We’re talking about team coaching. We’ve already looked at the definition, the levels of team coaching, and how to figure out where you have to do an intervention. Now we’re talking about the levels one at a time. We’ve had team structure, we’ve looked at team dynamics, and today we’re going to look at psychodynamics, or the level of unconscious functioning of the group. Within transactional analysis, we talk about four main concepts at this level: imago, transference and countertransference, personality as in the influence of life script on the team, and authority structure.
I want to talk about imago this time because it is one of those concepts that are often misunderstood, and used in a way that perhaps isn’t very helpful for team coaching. According to Eric Berne, an imago is a mental picture of what the group is or should be like. Anytime you enter a group, you’ve already got a picture in your mind, based on your previous experiences of a group, based on your archaic ideas of what a group should be, maybe on the things you’ve missed in your primary group, which was your family of origin. You come into each group carrying that backpack, and constantly comparing, and then looking at the group in reality through that lens.
It’s the difference between your imago and the group in reality that creates tension or disappointment. This is the real motor of team behavior. Sometimes people behave in a way in a group that can’t be explained by the structure of the group. It can’t be explained by the dynamics in the group. However, if I look at their archaic imago of how it should function, it could explain their behaviour. Obviously, the difficulty when you’re doing team coaching is that all those mental images are unconscious. You can’t see them unless you use nonverbal techniques or deduce from transactions. We’ll talk about that in a bit.
Imagine how you step into a group, I’m closing my eyes, because I’m inviting you to close your eyes too. Think about what your group should be like. If you think about everything you had in your childhood, in your family, or anything you’ve missed in that time: What kind of picture would that give of your absolutely ideal group, of your dream team, as some people call it? Would it be the dream team where people are close to each other, maybe they’re all friends. That the leader is the best possible parent you could ever have. The people are working together, all towards a higher purpose, which is known to everyone. You not only work together, you play together as well. Any differences are met and discussed. What is your ideal group, your dream team, like?
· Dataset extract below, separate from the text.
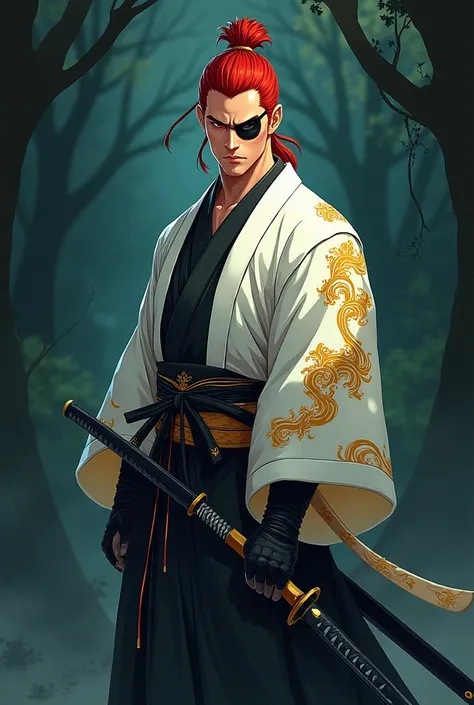 ((Artwork)), (8K), (anime style), 1 oriental man, strong body, red samurai bun hair, brown iris color, medium nose, wearing a black eye patch on his left eye, wearing white kimono with golden waves with black details, holding katana. Steady pose, serious l...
Now open your eyes and compare it to the team you’re in. How is that different? How is that the same? How does that explain some of your behavior? How is that a precursor to some of the ways you’re feeling in the team?
When we think about group imago. We think about the inter psychic image of the group as it should be, and what is the reality. What we say is that people come into groups with an imago. Sometimes you see them behave in a way that causes the team to actually change to fit their imago. That could be their dream team or, it could be them recreating their worst nightmare.
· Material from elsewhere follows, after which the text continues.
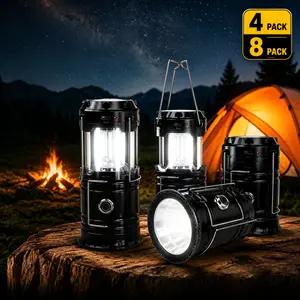4/8-Pack Solar Camping Lantern, Collapsible LED Flashlight, USB Rechargeable Waterproof Light for Memorial Day Sale, Father's Day Gift, Outdoor Hiking, Power Outage, Hurricane Survival.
For instance, I was coaching a team and I had someone who was behaving in an extremely provocative way. Every time there was a change in the team, or the leader announced a different process, this person would say, “I’ve done this before and it’s not at all the way it should be. No one is recognizing my competencies in this team.”. This was really interesting, because in actual fact, the leader was very complimentary about the competency this person brought in. There was a lot of recognition for this person. Still this person felt as if she was not being recognized, and constantly complained about that every time a change was introduced.
At some point, I worked with her and I asked her what was going on? I told her that she seemed very unhappy in this team. Her response was, “Yes, it’s not at all the way it should be.”. When I asked her to draw a picture of how it should be, things got really interesting. She drew a team with the leader and people in that team, but she didn’t draw herself. I looked at that picture and I asked her where she was. She said “I forgot myself!”.
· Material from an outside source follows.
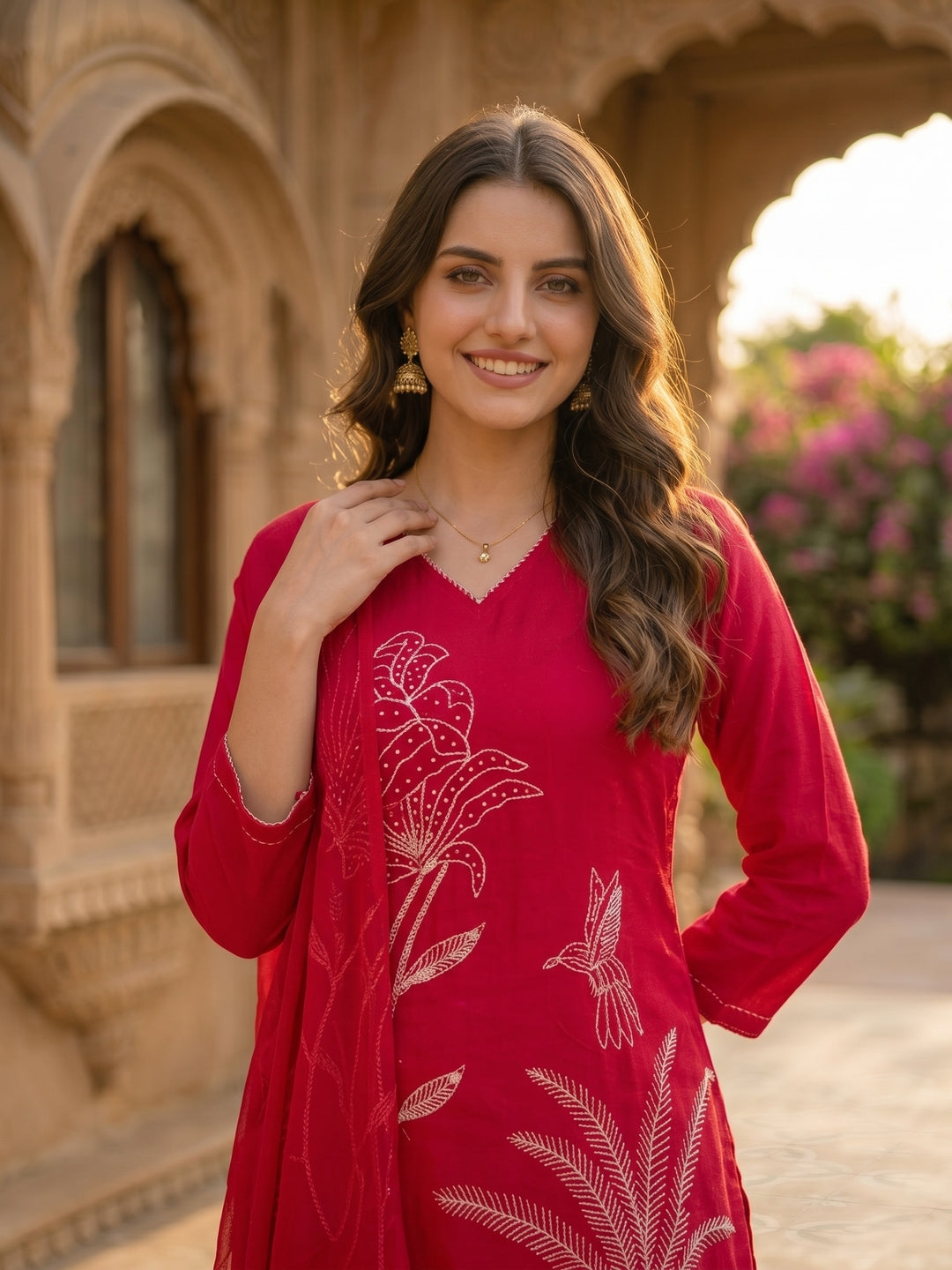 Botanical Embroidered Straight Kurta with Pant & Dupatta - Deep Pink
We talked about how she felt inside, when she was in a group. We talked about the difference between that feeling, and the real team where she actually had a very important position. She was constantly surrounded by people who were recognizing each other’s competencies. She realized that the image she had brought in, was one in which she, in her family of origin, didn’t have a place and where she constantly felt as if she wasn’t being seen. Her behavior in the team, in reality, actually re-energized those kinds of dynamics because of the way she was acting. People were starting to ignore her because she created such frictioning within the team.
Sometimes, an imago works in a positive way. However, as in this example, sometimes it works in a way that reignites dynamics and positioning that you don’t want. It’s important in team coaching to look not only at the structure and the dynamics which are visible, but also to look at what is happening. Why are people acting the way they do? Could it be that they’re carrying an imago inside, that is causing them to behave in a way that they recreate something that they don’t want or that they absolutely do miss. That will give you a depth to your team coaching, which might bring you a step further.
My invitation to you is to draw your dream team. How you wish your team would look and then to compare it to the team as is. Then write down how this is causing you to behave in a certain way.